START Given information
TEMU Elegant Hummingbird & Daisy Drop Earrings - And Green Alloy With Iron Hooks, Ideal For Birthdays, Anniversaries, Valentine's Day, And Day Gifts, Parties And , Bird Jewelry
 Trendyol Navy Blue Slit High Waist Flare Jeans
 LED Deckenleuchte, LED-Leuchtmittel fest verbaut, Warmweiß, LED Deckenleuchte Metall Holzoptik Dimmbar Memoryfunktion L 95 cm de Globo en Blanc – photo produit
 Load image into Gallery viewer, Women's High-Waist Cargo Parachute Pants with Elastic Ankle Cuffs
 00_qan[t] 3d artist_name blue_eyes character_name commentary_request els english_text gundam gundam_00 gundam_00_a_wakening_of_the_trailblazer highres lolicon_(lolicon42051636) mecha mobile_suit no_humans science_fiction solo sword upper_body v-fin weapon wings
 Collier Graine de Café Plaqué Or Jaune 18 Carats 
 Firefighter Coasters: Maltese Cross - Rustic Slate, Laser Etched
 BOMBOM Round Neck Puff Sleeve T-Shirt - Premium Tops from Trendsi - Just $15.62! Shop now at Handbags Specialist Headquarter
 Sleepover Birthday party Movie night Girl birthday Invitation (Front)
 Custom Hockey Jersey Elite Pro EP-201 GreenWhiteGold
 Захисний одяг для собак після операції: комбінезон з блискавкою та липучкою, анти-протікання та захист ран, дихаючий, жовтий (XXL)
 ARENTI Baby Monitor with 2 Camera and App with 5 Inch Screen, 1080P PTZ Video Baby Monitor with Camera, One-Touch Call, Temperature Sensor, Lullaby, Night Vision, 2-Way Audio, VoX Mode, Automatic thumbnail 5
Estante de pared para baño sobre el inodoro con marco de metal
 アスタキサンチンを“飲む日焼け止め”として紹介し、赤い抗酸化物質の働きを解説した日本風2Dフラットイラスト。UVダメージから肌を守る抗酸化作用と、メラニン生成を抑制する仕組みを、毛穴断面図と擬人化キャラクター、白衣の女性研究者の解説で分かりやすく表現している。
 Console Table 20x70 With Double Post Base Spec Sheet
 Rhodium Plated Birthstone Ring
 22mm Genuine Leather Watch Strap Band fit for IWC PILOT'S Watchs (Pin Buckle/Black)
END Given information
Return exactly the opening lines of the listing above, ending with the line that has "Trendyol Navy Blue".

TEMU Elegant Hummingbird & Daisy Drop Earrings - And Green Alloy With Iron Hooks, Ideal For Birthdays, Anniversaries, Valentine's Day, And Day Gifts, Parties And , Bird Jewelry
 Trendyol Navy Blue Slit High Waist Flare Jeans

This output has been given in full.